Monday, July 26, 2010

I think that there is something there

OK:  I am/was a pretty fair scientist.   I have excellent grounding in chemistry and physics.  I know biochemistry like the back of my hand.  A couple of patents, a couple of articles.  I gots all the chops.

Anyone who is good at this odd trade has to have a nose for which way they think that the data might lean before you start the experiment.  Well and good.  It's called a working hypothesis and it is a great tool, gets you started.

Now comes the hard part, looking at the data in a useful way.  Oh, you get some ideologues out there who will tell you that a statistical analysis of data will allow you an unbiased means of judging the data.  I have had a series of nasty run-ins with statisticians who proved without a doubt that X was the result and then go 6-8 months down the track and then find out that it wasn't so.

So, this is a piece about climatologists and their sacred cow of "global warming".  First and foremost, let me state clearly that the CO2 data, the ocean temp data, and the temp data lead me to believe that there is something there.  Not sure about the base reasons other than burning fossils fuels will add quite a bit of CO2 to the air and raise the concentration of this gas.  I will allow that right now, no complaints.  I would also posit that having 6.7 billion humans sweating, breathing, and fucking may have a certain impact on the matter.

But when I see the chart above presented in the blogosphere, replete with the shrill, girlish squeals of panic and doom, I have a tendency to giggle.  Look at the damn thing.  Carefully.  The zero line is an average of a 29-year period chosen randomly in the middle.  The graph covers 119 years and compares the variation from this sampled average.  In the early part of the graph for around fifty years (pre-1930's), the global mean temp dipped down to about 0.75 degree Fahrenheit below this arbitrary baseline.   On the right side of the graph, Over the past thirty or so years, the temp has gone up to approximately 1.15 degree Fahrenheit above this imaginary average.

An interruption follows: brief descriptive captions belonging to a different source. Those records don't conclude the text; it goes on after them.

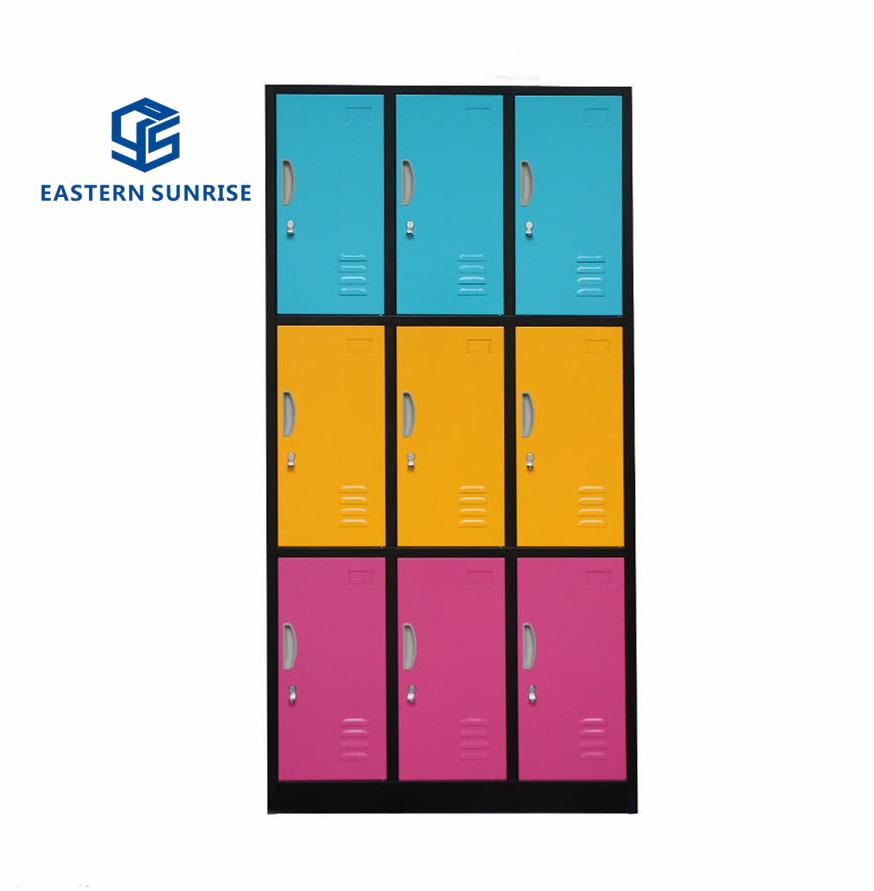 Wholesale Colorful Steel High Quality 9 Door Metal Locker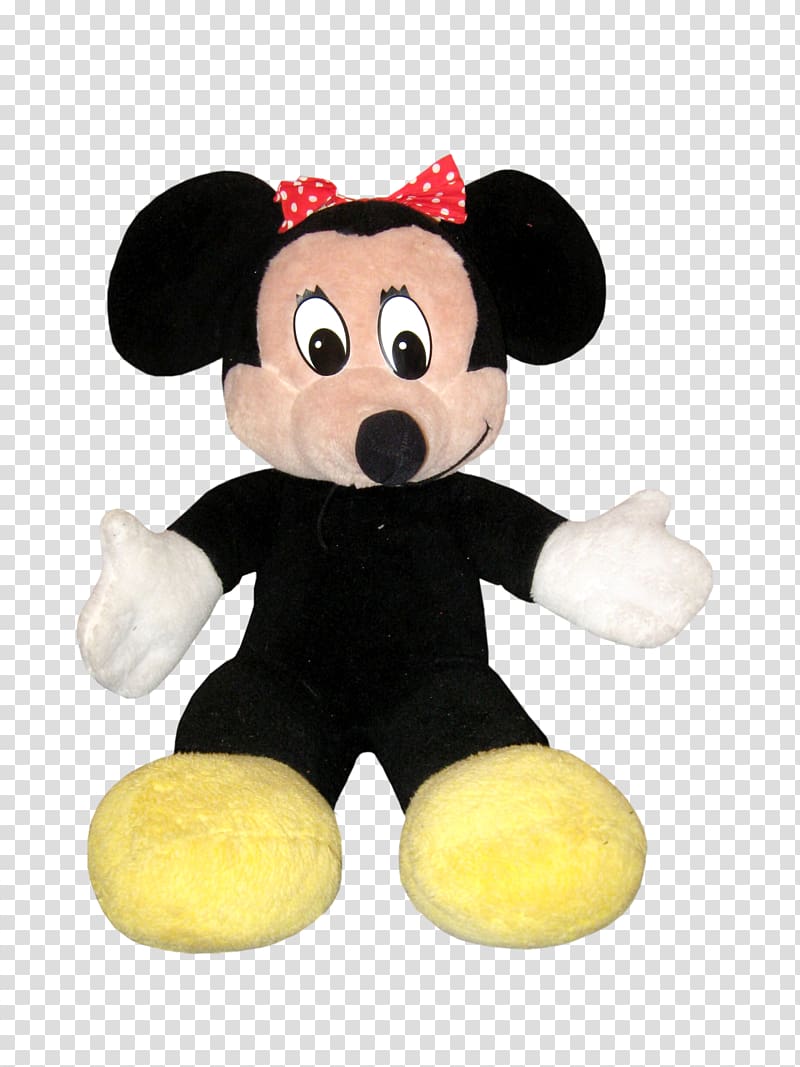 Mickey Mouse Plush Stuffed toy, Mickey Mouse toys transparent background PNG clipart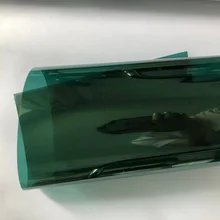 30/40/50/60/70/80 см х 2 м Серебряный изоляции Окна Пленки, Наклейки солнечный Светоотражающие один способ Зеленый Зеркало G073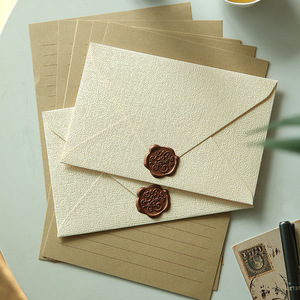 Sang Trọng Màu Hồng Màu Xanh Lá Cây Cổ Điển Linen Kết Cấu Giấy Phong Bì Tùy Chỉnh Sáp Sticker Con Dấu Thẻ Quà Tặng Đóng Gói Đám Cưới Lời Mời Phong Bì - Product Image 5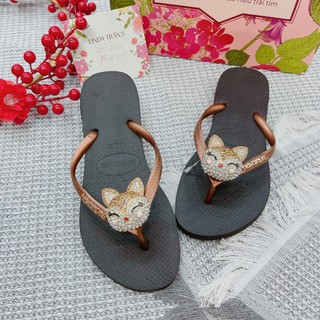 DÉP ĐEN QUAI ĐỒNG MIX CHARM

Guys, I have a feeling that the industrial world, powered by fossil fuels is doing a bunch of stuff (I will not say harm) to the climate.  I also think that the population of CO2-exhaling humans have a real impact on the levels.  But if that is the best data that NASA can come up with to support climate change, they will have a long, rough row to hoe before I call the matter settled.


Mayberry said...

CO2 notwithstanding, I kinda think that big orange orb that has a habit of traversing the sky every day might have something to do with it....

Sarcasm off, my big thing is the screams of "we're all gonna drown". I am a coastal critter, and have been all my life. Same place. I have not seen the sea level rise one damn inch. Not one! In almost 37 years...

Yes, it has warmed a bit. Fish species that tend to hang down south are creeping northward. Nothing that hasn't happened before. In the 1920s/1930s, Port Aransas was the "tarpon capitol" of the US. This happens to coincide with a fairly warm period, as plotted in the Farmer's Almanac. Then it cooled off, and the tarpon left. Now it's warming up again, and the tarpon are back. Hmmmm, what are those things called again? Sickles? Phych.... CYCLES! Yeah, that's it....

russell1200 said...

There is other data. Ice core data is interesting.

But your point is very well taken, both sides have made their views "religious" in nature. They have the end point they desire and all sets of facts will be molded to fit their beliefs.

Most hopeful guesses have world population peaking at 10 Billion. That is a whole lot of people.

My personal guess is that the population induced problems (peak oil being a popular one), will catch us before global warming does. And really the global warming issue is also population related.